The anger from Ukraine was swift. To them, Macron’s comments were a capitulation offensive, musings about the wisdom of humiliating an aggressor when their people are being slaughtered.
“Calls to avoid humiliation of Russia can only humiliate France and every other country that would call for it,” Ukrainian Foreign Minister Dmytro Kuleba tweeted.
NBC News has reached out by email to Macron’s office for comment.
In Italy, the government is split over sending more weapons. One opponent is Matteo Salvini, leader of the right-wing League party, who once signed a cooperation deal with Putin’s party and posed wearing a Putin T-shirt in Red Square.
Germany, meanwhile, announced last week that it will supply Ukraine with state-of-the-art anti-aircraft and radar systems. But, after years of criticism for Berlin’s willingness to cultivate economic ties with Putin’s Russia, Chancellor Olaf Scholz has also been accused of slow-rolling weapons deliveries and declining to state that “Ukraine must win.”
When asked about this reticence, Scholz has said, “I am not Kaiser Wilhelm” — a reference to the man who led Germany into World War I. Berlin has also always leaned pacifist as a reaction to its Nazi past.
Scholz is adamant he cannot understand this criticism, telling German broadcaster ZDF last month that he was not being too cautious, just trying to “act prudently and with a clear mind.”
History also weighs on Macron. His desire not to humiliate Russia has been interpreted as a reference to the severe penalties imposed on Germany after World War I, which some historians say created the conditions for the rise of the Nazis and World War II.
“Germany, France and Italy are all struggling with the shadows from the past,” said Fabrice Pothier, a French analyst and NATO’s former head of policy planning.
The West now faces a catch 22 over Ukraine, according to Pothier, who is now a consulting senior fellow at the International Institute for Strategic Studies, a London think tank. “To defeat Russia in a significant way will mean we have to be much more directly involved,” he said. “But we cannot let Ukraine be defeated, either.”
Most of Eastern Europe has led the way with forthright denouncements of Putin and weapons shipments to Kyiv. For them it’s about survival: Putin could easily turn on them.
The UK and US both recently agreed to provide Ukraine with advanced missile systems.

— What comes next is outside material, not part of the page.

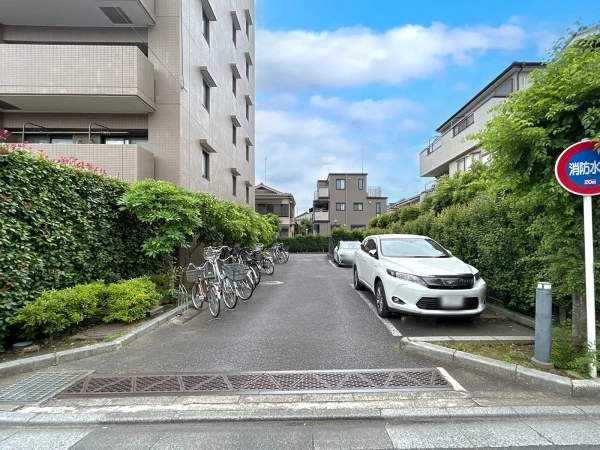 メイツ南浦和 駐車場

But some still have seen equivocation within the administration of President Joe Biden, particularly after he stipulated that these weapons should not be used to attack Russian territory — the first such limitation applied to any assistance provided by the West to Kyiv.
Asked about this last week, State Department Spokesman Ned Price said there had been “many eulogies written prematurely” about Western unity and maintained that the alliance was holding.
For some, ensuring Russian soil is not attacked with US arms is a wise move to prevent escalation. For others, it’s a clear sign to Putin that he has unnerved the West.
For some observers in Europe, Washington often gets an easier ride than Paris or Berlin because of the narrative that those countries aren’t doing enough.
Had Biden’s caveat come from those European capitals, “there would have been an outburst,” said Gustav Gressel, a former desk officer at the Austrian Ministry of Defense who is now a senior policy fellow at the European Council on Foreign Relations in Berlin. “If Scholz had said the same thing, it would have rung the alarm bells about appeasement.”